Convergence analysis of online algorithms for vector-valued kernel regression
Michael Griebel, Peter Oswald
TL;DR
This work develops a convergence theory for online, regularized vector-valued kernel regression in an RKHS framework. By formulating the problem through a feature-map-driven RKHS H and a covariance-like operator P_ρ on a smoothness scale V_{P_ρ}^s, it proves an order-optimal decay rate in expectation for the RKHS error: E(||u−u^{(m)}||_V^2)≤C^2(m+1)^{-s/(2+s)} for 0<s≤1 under mild, verifiable conditions. The analysis leverages a Schwarz-iteration-inspired update and elementary Hilbert-space techniques, with the rate reflecting both the regression function smoothness and the noise level; a divergence result shows the necessity of key assumptions, and a special-cons case provides explicit, near-optimal rates in a diagonal coefficient-learning setting.
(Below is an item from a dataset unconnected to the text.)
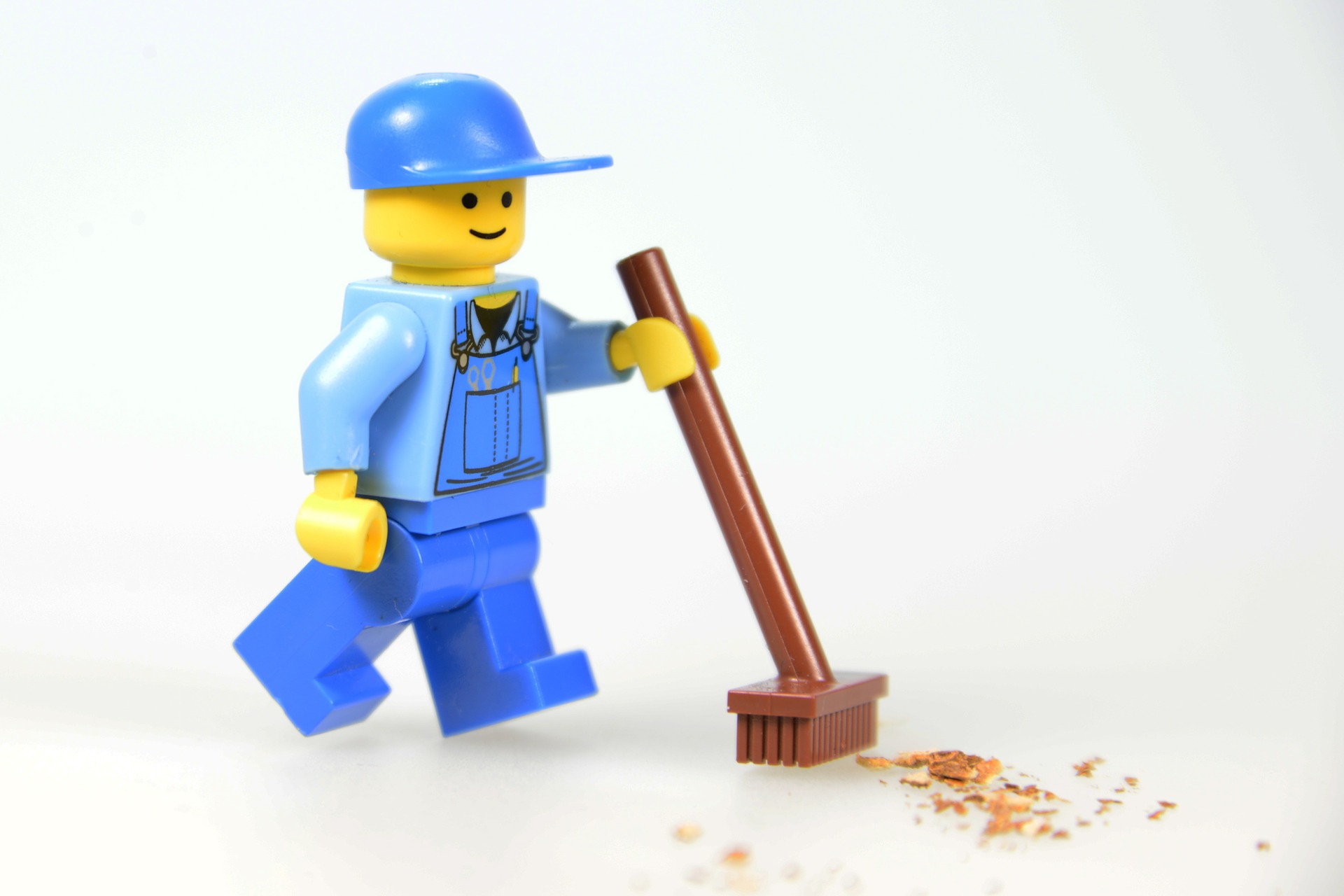 Lego man cleaning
These results generalize prior scalar-valued analyses to the vector-valued case without strong spectral or probabilistic prerequisites, offering a principled foundation for online multitask and functional learning. The study also clarifies limitations regarding L^2_ρ convergence and highlights practical parameter regimes (e.g., t≈2/3) that optimize decay.
Abstract
We consider the problem of approximating the regression function $f_μ:\, Ω\to Y$ from noisy $μ$-distributed vector-valued data $(ω_m,y_m)\inΩ\times Y$ by an online learning algorithm using a reproducing kernel Hilbert space $H$ (RKHS) as prior. In an online algorithm, i.i.d. samples become available one by one via a random process and are successively processed to build approximations to the regression function. Assuming that the regression function essentially belongs to $H$ (soft learning scenario), we provide estimates for the expected squared error in the RKHS norm of the approximations $f^{(m)}\in H$ obtained by a standard regularized online approximation algorithm. In particular, we show an order-optimal estimate $$ \mathbb{E}(\|ε^{(m)}\|_H^2)\le C (m+1)^{-s/(2+s)},\qquad m=1,2,\ldots, $$ where $ε^{(m)}$ denotes the error term after $m$ processed data, the parameter $0<s\leq 1$ expresses an additional smoothness assumption on the regression function, and the constant $C$ depends on the variance of the input noise, the smoothness of the regression function, and other parameters of the algorithm. The proof, which is inspired by results on Schwarz iterative methods in the noiseless case, uses only elementary Hilbert space techniques and minimal assumptions on the noise, the feature map that defines $H$ and the associated covariance operator.